Gli ebrei oppressi diventano gli italiani soggiogati alla dominazione degli austriaci, gli assiri di Nabucodonosor-Francesco Giuseppe. Gli stessi italiani, proprio sulla mesta soavità corale del Va pensiero, portano a teatro la propria sottomissione diventando a loro volta i giudei di un ottocentesco Nabucco alla Scala. Teatro nel teatro, mise en abîme, rilettura in un contesto altro ; gli ingredienti per una rilettura “nuova” ci sono, ma sono affastellati in un’idea drammaturgica fragile, che non arriva a raccontare un sottotesto convincente e che non fa emergere un’idea di fondo dall’elegante libretto di Solera.
Il cast dà vita a un Nabucco nel complesso dignitoso, musicalmente poco entusiasmante ; del resto la difficoltà acustica dell’Arena è ben nota e penalizza non poco orchestra e solisti. Spicca il timbro scuro e intenso di Amartuvshin Enkhbat, Nabucco possente che – ancorché privo di physique du rôle – risulta a suo agio nella parte, accurato nella dizione e nell’intenzione. Ottima prova anche per Rafal Siwek, stentoreo Zaccaria, basso dalla voce smaltata e ricca di armonici. L’Abigaille di Susanna Branchini lascia piuttosto indifferenti non spiccando per doti vocali né per interpretazione drammatica ; tende inoltre a farsi sopraffare dall’orchestra e pare non avere nulla del demoniaco proprio della complessa eroina verdiana. Più interessante Carmen Topciu nel ruolo di Fenena, voce cristallina e credibile piglio drammatico, che si manifesta nello splendido terzetto con Abigaille e Ismaele, musicalmente molto ben riuscito. Decisamente deludente invece Ismaele, interpretato da Luciano Ganci, tenore dalla bella voce ma dall’intonazione approssimativa e assai precaria.

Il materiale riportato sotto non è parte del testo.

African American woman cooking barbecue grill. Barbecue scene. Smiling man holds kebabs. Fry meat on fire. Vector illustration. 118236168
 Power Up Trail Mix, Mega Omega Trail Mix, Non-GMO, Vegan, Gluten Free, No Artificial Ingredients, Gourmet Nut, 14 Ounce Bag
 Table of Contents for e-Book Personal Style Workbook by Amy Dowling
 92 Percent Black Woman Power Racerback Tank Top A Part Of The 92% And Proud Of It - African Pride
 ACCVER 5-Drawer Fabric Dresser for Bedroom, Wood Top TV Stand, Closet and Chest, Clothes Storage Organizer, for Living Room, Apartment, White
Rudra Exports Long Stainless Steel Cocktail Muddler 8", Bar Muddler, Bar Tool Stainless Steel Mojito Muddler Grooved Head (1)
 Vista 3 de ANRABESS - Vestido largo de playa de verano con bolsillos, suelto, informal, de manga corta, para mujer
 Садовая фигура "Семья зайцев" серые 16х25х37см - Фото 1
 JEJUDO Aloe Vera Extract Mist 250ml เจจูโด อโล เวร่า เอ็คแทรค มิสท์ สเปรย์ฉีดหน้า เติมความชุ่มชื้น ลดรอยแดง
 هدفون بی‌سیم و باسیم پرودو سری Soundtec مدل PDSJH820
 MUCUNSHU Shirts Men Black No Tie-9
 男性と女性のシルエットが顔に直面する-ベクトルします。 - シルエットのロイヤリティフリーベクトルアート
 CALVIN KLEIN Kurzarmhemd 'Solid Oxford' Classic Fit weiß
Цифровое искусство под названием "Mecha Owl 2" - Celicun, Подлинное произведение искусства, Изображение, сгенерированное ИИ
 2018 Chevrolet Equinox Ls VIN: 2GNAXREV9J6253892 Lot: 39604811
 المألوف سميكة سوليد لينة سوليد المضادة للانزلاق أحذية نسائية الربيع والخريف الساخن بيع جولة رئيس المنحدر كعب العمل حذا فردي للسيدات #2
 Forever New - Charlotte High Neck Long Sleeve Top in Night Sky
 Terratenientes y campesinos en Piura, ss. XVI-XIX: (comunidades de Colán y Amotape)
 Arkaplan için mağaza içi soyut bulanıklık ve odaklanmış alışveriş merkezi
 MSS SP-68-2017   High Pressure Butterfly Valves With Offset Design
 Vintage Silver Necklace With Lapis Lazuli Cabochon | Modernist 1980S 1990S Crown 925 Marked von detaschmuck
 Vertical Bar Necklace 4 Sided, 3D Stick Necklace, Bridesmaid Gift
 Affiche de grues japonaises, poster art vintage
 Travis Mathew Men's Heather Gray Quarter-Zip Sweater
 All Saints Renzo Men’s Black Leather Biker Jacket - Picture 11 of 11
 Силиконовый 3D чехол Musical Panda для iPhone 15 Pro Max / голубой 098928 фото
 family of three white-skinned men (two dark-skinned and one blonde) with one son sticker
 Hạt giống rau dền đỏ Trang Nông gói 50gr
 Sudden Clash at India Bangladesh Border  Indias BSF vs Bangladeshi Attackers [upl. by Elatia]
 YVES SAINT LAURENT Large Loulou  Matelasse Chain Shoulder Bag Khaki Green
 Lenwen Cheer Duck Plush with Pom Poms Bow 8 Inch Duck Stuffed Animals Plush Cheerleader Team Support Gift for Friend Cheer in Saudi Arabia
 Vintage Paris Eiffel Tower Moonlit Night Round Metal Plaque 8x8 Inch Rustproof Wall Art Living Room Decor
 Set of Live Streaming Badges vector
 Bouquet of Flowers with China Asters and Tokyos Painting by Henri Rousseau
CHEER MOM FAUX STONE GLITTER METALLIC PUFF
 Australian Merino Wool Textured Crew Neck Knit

Il coro, personaggio collettivo principale in Nabucco, porta avanti la sua parte più che egregiamente, a tratti affaticato dall’affollamento di comparse ed elementi scenografici. Un fatale fraintendimento con il direttore giunge proprio sull’akmè dei versi « Arpa d’or de’ fatidici vati », svista che riesce a inficiare l’aria corale – altrimenti splendidamente interpretata – anche nell’inevitabile bis, richiesto a furor di popolo. Anche il direttore Jordi Bernàcer si rivela completamente all’altezza del suo ruolo, con una direzione precisa ed energica, a tratti ruvida per venire a patti con il difficile ambiente acustico. Il sangue e il vigore del rude capolavoro verdiano sono comunque presenti e resi con efficacia.